■ **WORK ORDER**:
Repeat the data exactly as given below, dropping every picture.

Start of DATASET CONTENT

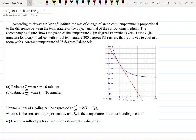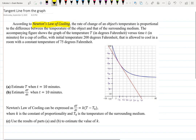Welcome back. This is the video where I'm going to show you how to find the tangent line from a given graph. We're working with the idea behind Newton's Law of Cooling, which states that the rate of change of an object's temperature is proportional to the difference between the temperature of the object and that of the surrounding medium. The graph shows temperature T versus time t in minutes for a cup of coffee with initial temperature 200 degrees, cooling in a room at a constant temperature of 75 degrees.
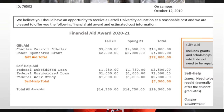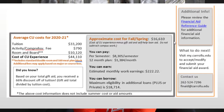And self aid, which includes federal loans and campus employment. At the bottom, you can see the average CU cost and your approximate cost for the year.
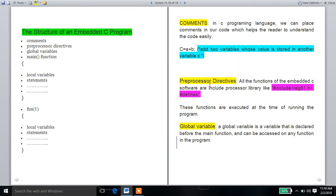This is preprocessor directives. What are preprocessor directives? All the functions of the Embedded C software include processor libraries like hash include reg51.h and hash defines. Hash include reg51.h is the same as hash include stdio.h in C programming, but reg51.h is for the 8051 microcontroller series. If we want to use an ARM7 microcontroller, we use LPC2148 and replace reg51.h with LPC2148. So hash include reg51.h is the preprocessor directive, and it may have some preprocessor directives included by default.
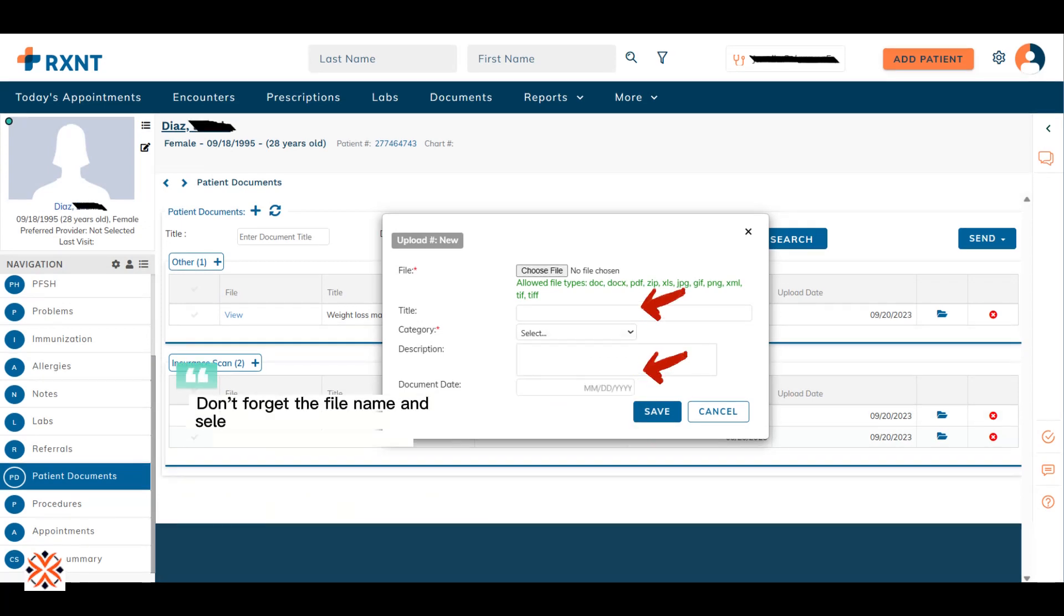Don't forget the file name and select the date today. And then click Save to upload the document.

End of DATASET CONTENT

■ **WRITTEN ANSWER**:
Welcome back. This is the video where I'm going to show you how to find the tangent line from a given graph. We're working with the idea behind Newton's Law of Cooling, which states that the rate of change of an object's temperature is proportional to the difference between the temperature of the object and that of the surrounding medium. The graph shows temperature T versus time t in minutes for a cup of coffee with initial temperature 200 degrees, cooling in a room at a constant temperature of 75 degrees.
And self aid, which includes federal loans and campus employment. At the bottom, you can see the average CU cost and your approximate cost for the year.
This is preprocessor directives. What are preprocessor directives? All the functions of the Embedded C software include processor libraries like hash include reg51.h and hash defines. Hash include reg51.h is the same as hash include stdio.h in C programming, but reg51.h is for the 8051 microcontroller series. If we want to use an ARM7 microcontroller, we use LPC2148 and replace reg51.h with LPC2148. So hash include reg51.h is the preprocessor directive, and it may have some preprocessor directives included by default.
Don't forget the file name and select the date today. And then click Save to upload the document.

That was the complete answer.